■ **Listed entries**
*** Block opens ***
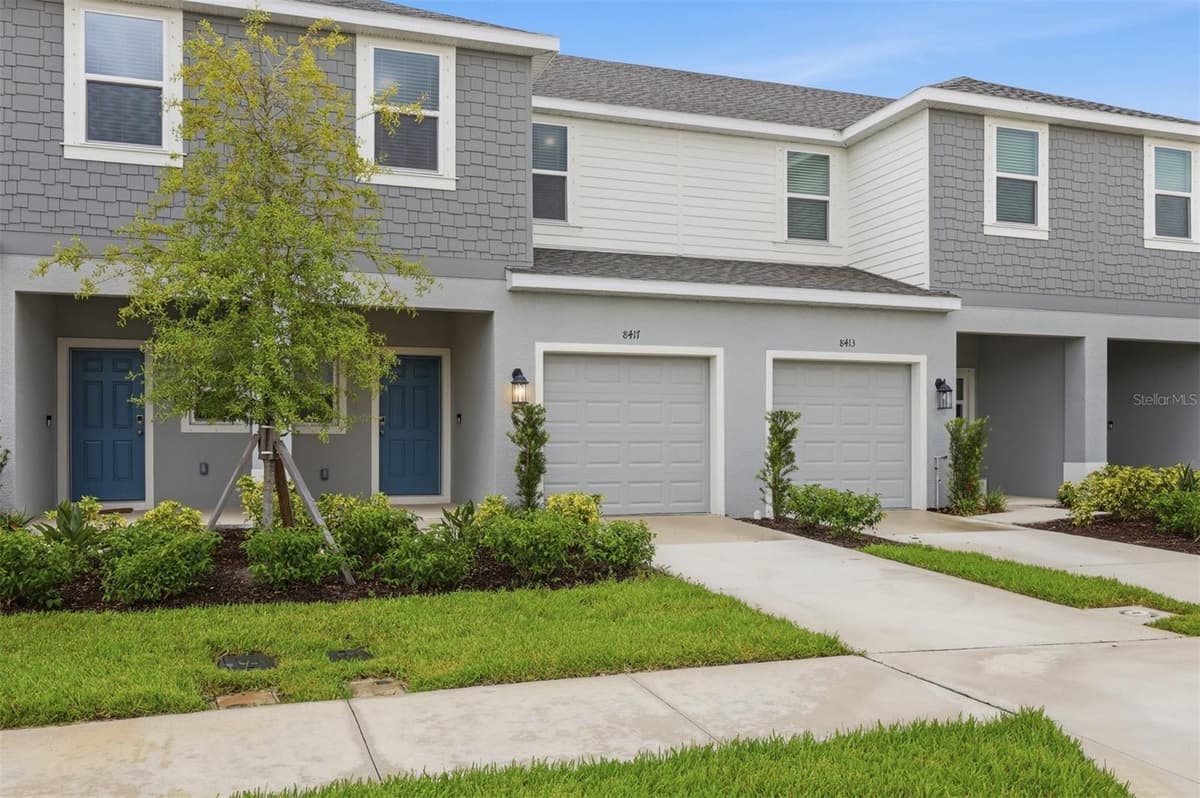 8417 LUNAR SKYE STREET — photo 1 of 33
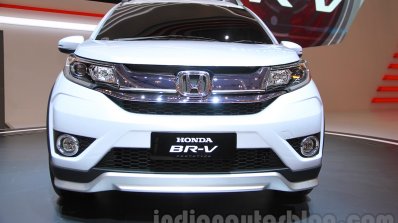 Honda BR-V white front fascia at Gaikindo Indonesia International Auto Show 2015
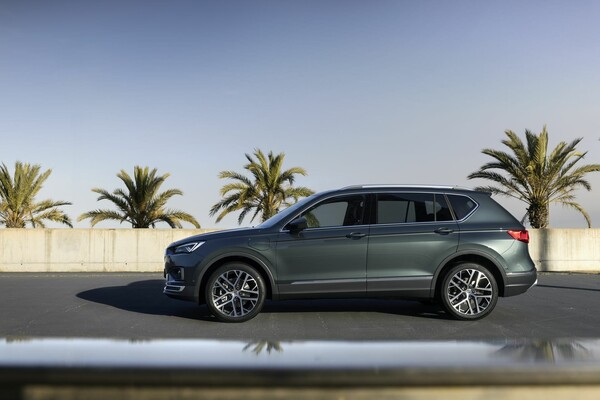 Perfil del SEAT Tarraco, resaltando su diseño lateral y proporciones equilibradas. Perfil del SEAT Tarraco, resaltando su diseño lateral y proporciones equilibradas.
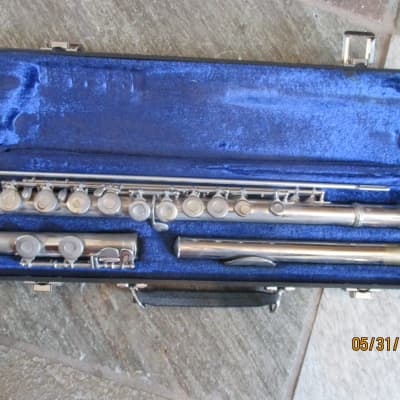 Gemeinhardt 2NP  Straght-Headjoint Flute with Offset G image 1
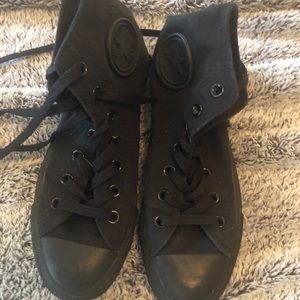 7.5 all black converse!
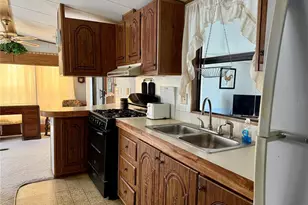 7360 International Cir, Lake Wales, FL 33898 - Photo 9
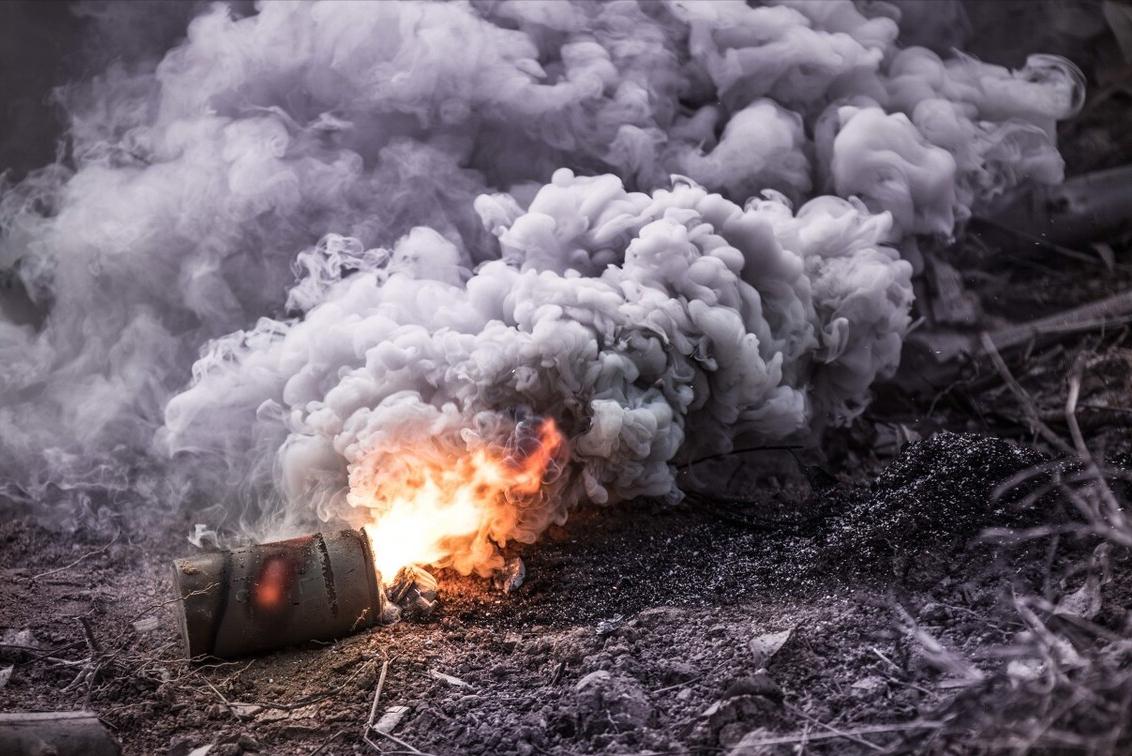 2004年深圳买地建房,在深圳买下28套房后来他怎样了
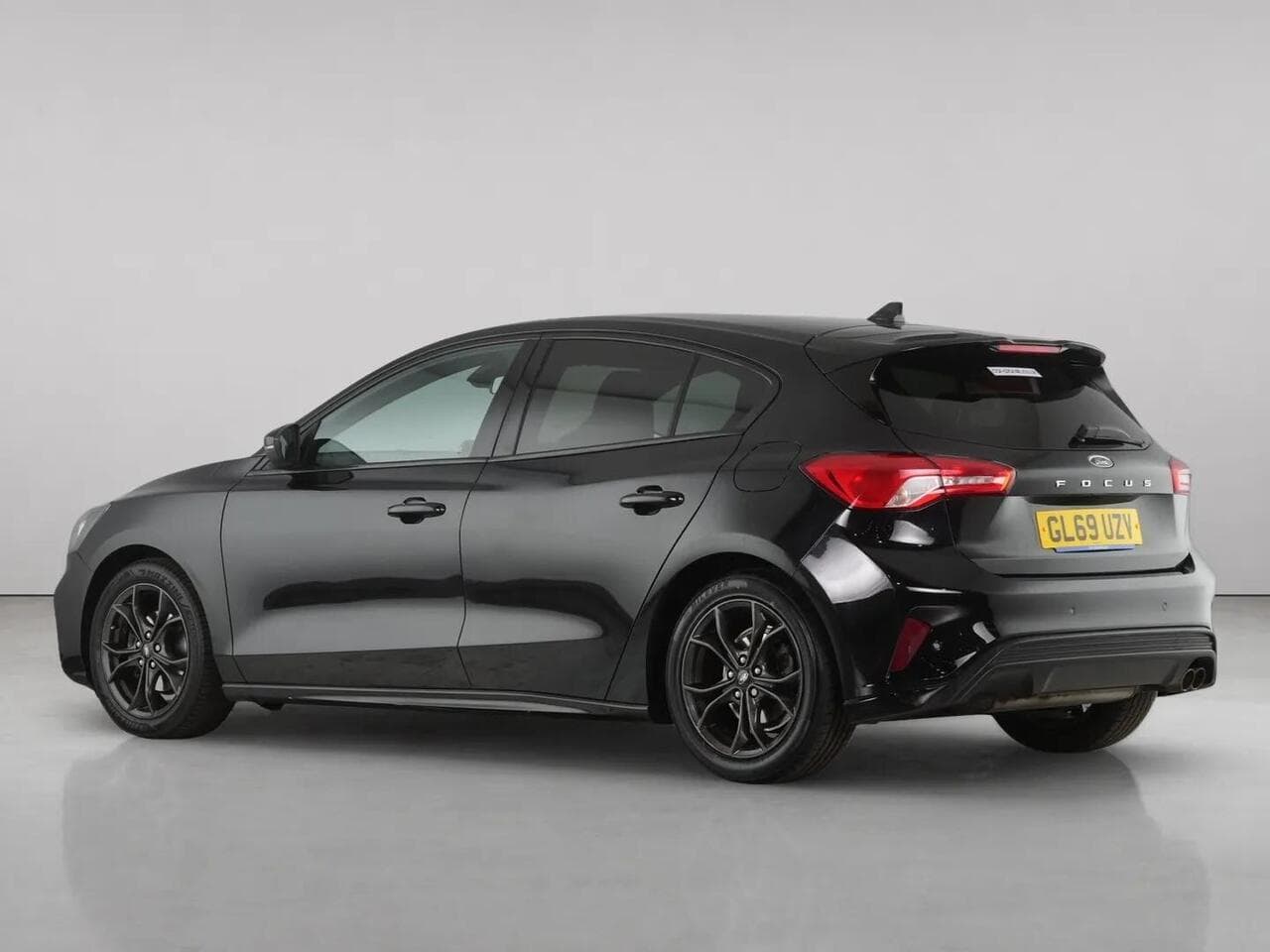 Ford Focus thumbnail Rear Left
*** Block closes ***
■ **Assigned task**
All entries above are to be set down word for word, and the pictures are to be left out.

■ **Output for this task**
 8417 LUNAR SKYE STREET — photo 1 of 33
 Honda BR-V white front fascia at Gaikindo Indonesia International Auto Show 2015
 Perfil del SEAT Tarraco, resaltando su diseño lateral y proporciones equilibradas. Perfil del SEAT Tarraco, resaltando su diseño lateral y proporciones equilibradas.
 Gemeinhardt 2NP  Straght-Headjoint Flute with Offset G image 1
 7.5 all black converse!
 7360 International Cir, Lake Wales, FL 33898 - Photo 9
 2004年深圳买地建房,在深圳买下28套房后来他怎样了
 Ford Focus thumbnail Rear Left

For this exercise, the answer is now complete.